Sunday, January 16, 2011

Golden Globes Successfully Roasts Itself

Ricky Gervais Didn't exactly blow his hosting gig at the Golden Globe Award Show, though it certainly looked like it. I think he was up to something a bit more subtle.

In the course of the long ceremony he treated the Hollywood Foreign Press Association, the literal hand that was feeding him, to a non-stop barrage of sneering abuse, some funny, some shockingly blunt. Right out of the gate, Gervais made jokes about The Tourist, the star-studded bomb nominated for best comedy or musical (huh?), a nod which may or may not have been influenced by the film's producers junketing the HFPA to Vegas.
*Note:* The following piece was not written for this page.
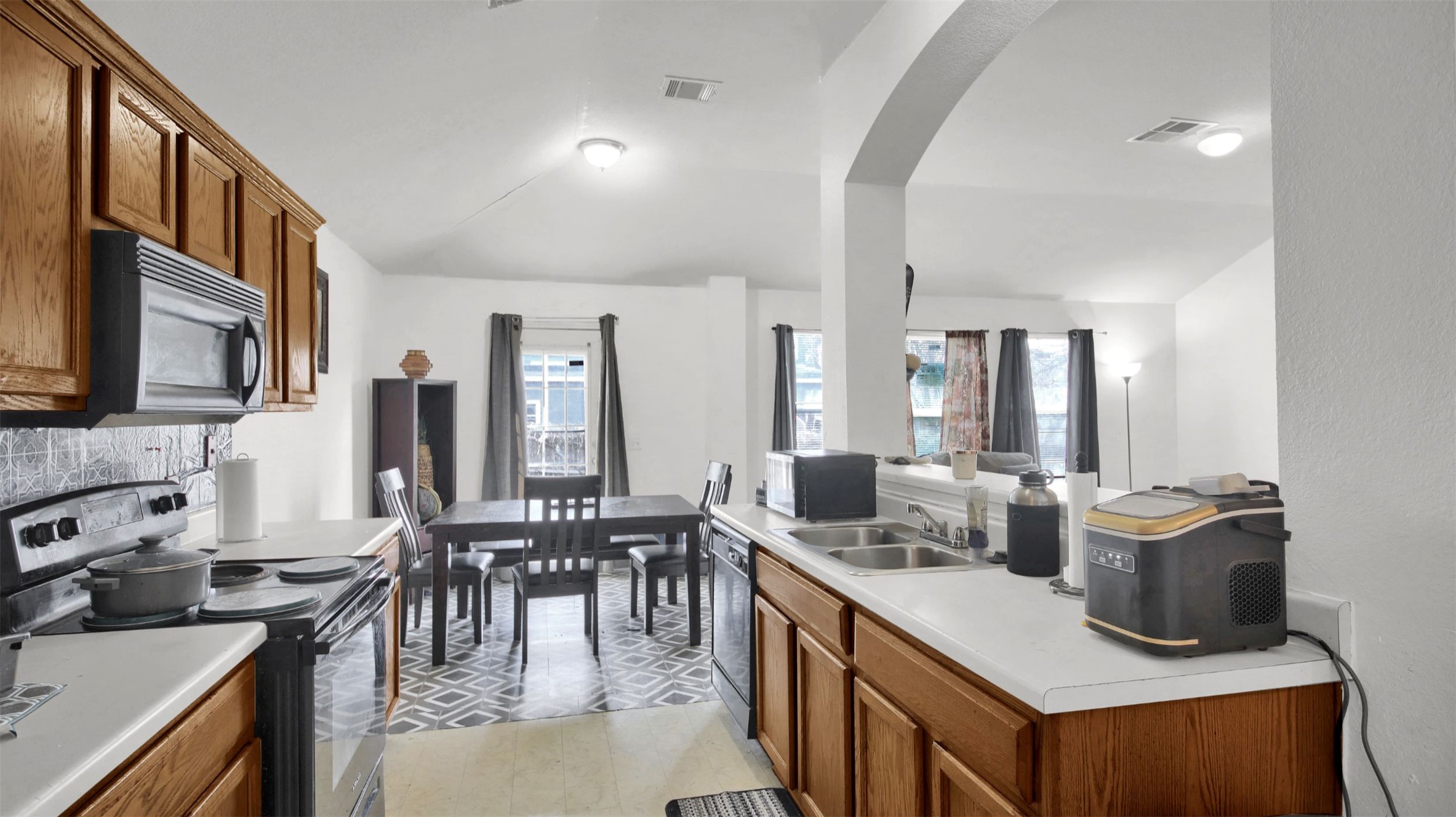 9609 Magna Carta Loop Austin, TX 78754 - Photo 15 of 30 a large kitchen with lots of counter space and windows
It had zero chance of winning anything, but nominating one of its stars guaranteed Brangelina would attend the awards ceremony. Gotta have them!
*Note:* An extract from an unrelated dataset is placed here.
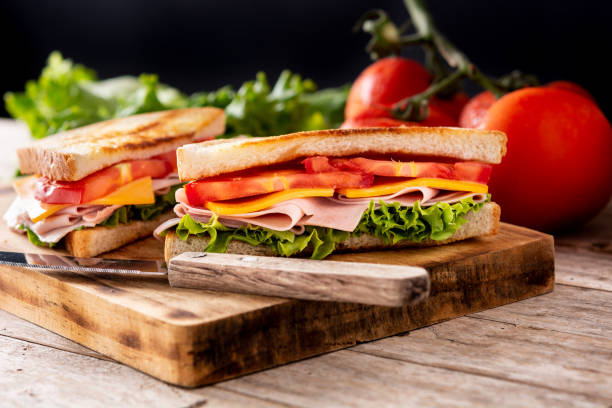 istock Sandwich with tomato,lettuce,ham and cheese 1323007233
Ricky Gervais made fun of Phil Berk, the president of the HFPA, practically to his face. He was not amused. He also introduced Steve Carrell with a joke that his early departure from "The Office" was killing the franchise he created. Steve was really not amused-- though it's hard to tell if he was just in character.

Ricky Gervais' antics polarized the audience as well. Aside from the justifiably livid Mr. Berk, Tom Hanks, Tim Allen and especially Robert De Niro did not seem to appreciate Rick Gervais' blunt snark. Christian Bale, who worn Best Supporting Actor for The Fighter (well deserved!) threw a punch of his own at the HFPA, calling the press people who nominated him "those awful characters." (When Christian Bale started to speak, my wife sat up and said "I had no idea he was English!" This is much to Mr. Bale's credit, if you ask me.)

It was one of the weirdest awards shows I've seen in a while. What made it weirder is I watched it sort of backwards: came in the last 45 minutes or so, then picked it up from the top when NBC repeated it at 8 p.m. PST.

This is what I think Ricky Gervais was doing: what he was hired to do. He was trying to de-legitimize the Golden Globe Awards-- this year's awards, at least. He was, in gangster-movie parlance, busting out the joint.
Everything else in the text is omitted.